Jepsen deploys a multi-node Swytch cluster, runs concurrent workloads against it, injects faults (network partitions, process crashes, clock skew), then checks the resulting operation history for consistency violations.
| Workload | What it exercises |
|---|---|
counter | INCR operations across nodes. Verifies that the sum of all successful increments equals the final value on every node after convergence |
set | SADD / SMEMBERS operations. Verifies set membership convergence across partitions |
sorted-set | ZADD / ZRANGE operations. Verifies sorted set convergence |
elle-causal | Transactional reads and writes checked by Elle for causal consistency violations |
The test suite uses phased fault injection to model realistic failure scenarios:
- Normal operation — client ops with no faults (baseline)
- Process kill — a random node is killed and restarted (crash recovery)
- Settle — normal ops while the restarted node catches up
- Network partition + clock skew — majority/minority splits, single-node isolation, and HLC-absorbing clock drift
- Heal — partitions removed, clocks restored
- Settle — normal ops + anti-entropy window for convergence
- Final reads — read from every node to verify agreement
Partition types include:
| Type | Description |
|---|---|
:one | Isolate a single node |
:majority | Split into majority and minority |
:majorities-ring | Overlapping majority partitions |
:island | Every node isolated from every other |
:asymmetric | A cannot reach C, but both can reach B |
The test suite validates these properties:
| Checker | Property |
|---|---|
| Convergence | After heal + settle, all nodes return the same value for every key |
| CRDT counter | Sum of successful INCRs equals final counter value on every node |
| Availability | Commutative operations (reads, writes, INCR, SADD) succeed on the majority side during partitions (fail rate < 50%) |
| Partition effectiveness | Both sides of a partition mutated independently (at least 2 nodes wrote during the partition) |
| Safe transactions | Exactly-once commit — no duplicate transaction effects after merge |
| Partition blocks transactions | In safe mode, zero transactions commit during a partition |
| Fork-choice | After heal, deterministic fork-choice produces identical state on all nodes |
The test suite enforces constraints specific to Swytch’s architecture:
- Kill before partition, never during. Swytch is a cache — killing a partitioned node loses its in-memory data permanently. The test only kills nodes during the normal phase (before partitions start).

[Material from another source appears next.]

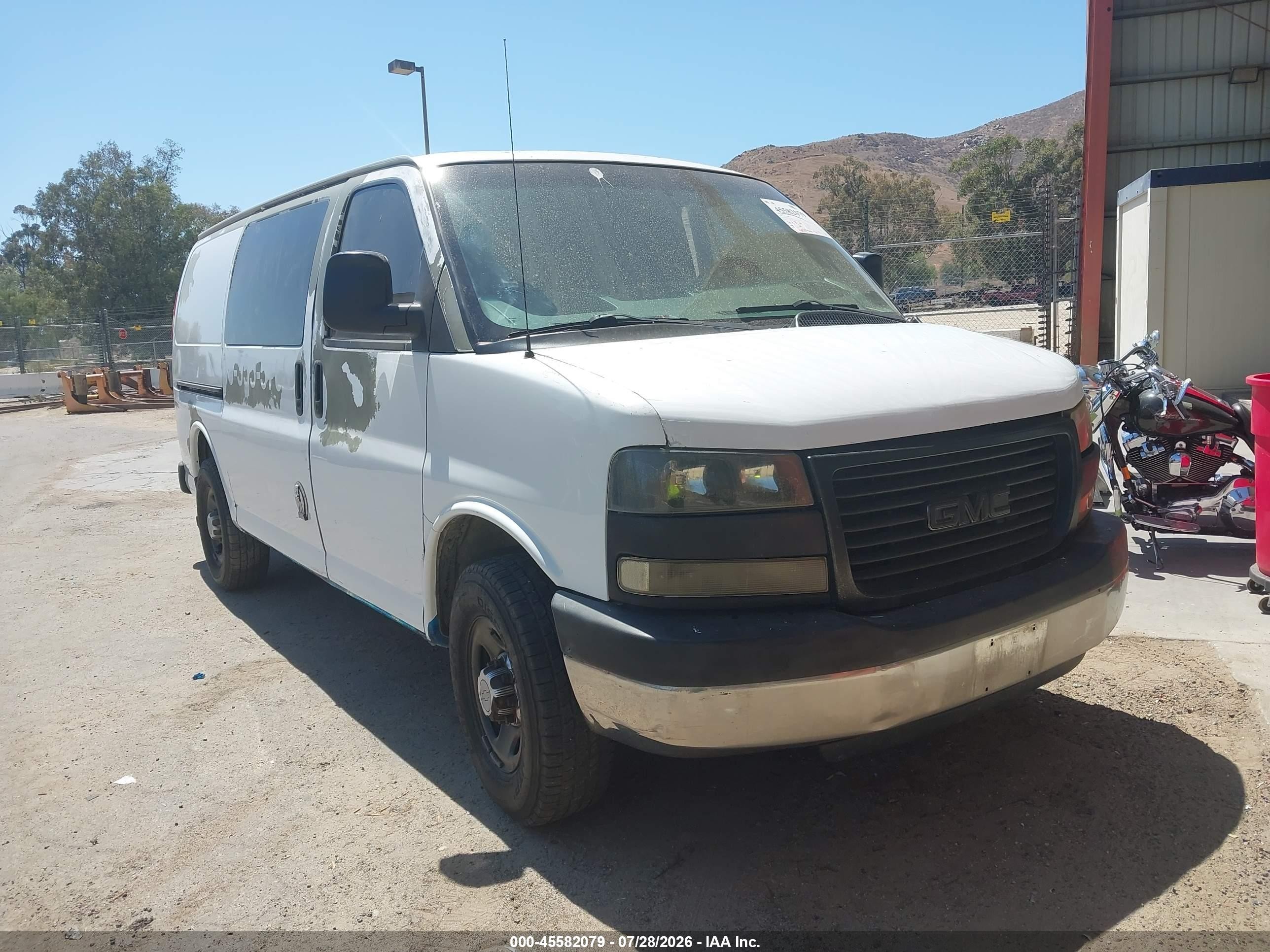 2006 GMC Savana Cargo, VIN 1GTHG35U961229291 — Side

- Kill one node at a time. Rebooting the entire cluster while partitioned is not a supported failure mode.
- Grace period for partition detection. After a partition starts, there is a 5-second grace period before checkers expect nodes to have detected the partition via heartbeat timeouts.
- Settle window for anti-entropy. After healing, the test waits for anti-entropy sweeps (every 3 seconds) to propagate any effects missed during the partition.
If you are a contributor to Swytch, you may run jepsen tests on any PR by commenting /jepsen on the PR. Otherwise,
please request it of a contributor.
All historical runs are available on GitHub Actions
Bugs found during Jepsen testing are captured as deterministic unit tests in the Swytch codebase. These reproduce the exact causal DAGs observed during Jepsen runs:
- Snapshot reconstruction — cross-branch snapshots, chained compaction, four-way merges
- Ordered merge — linear chain reordering, divergent index states across nodes
- Counter semantics — INCR convergence across partition/heal cycles
- G0 anomalies — transaction bind ordering under concurrent writes
The effects engine’s core safety properties are also formally verified via TLA+ specifications
(CausalEffectLog.tla, ExactlyOnce.tla).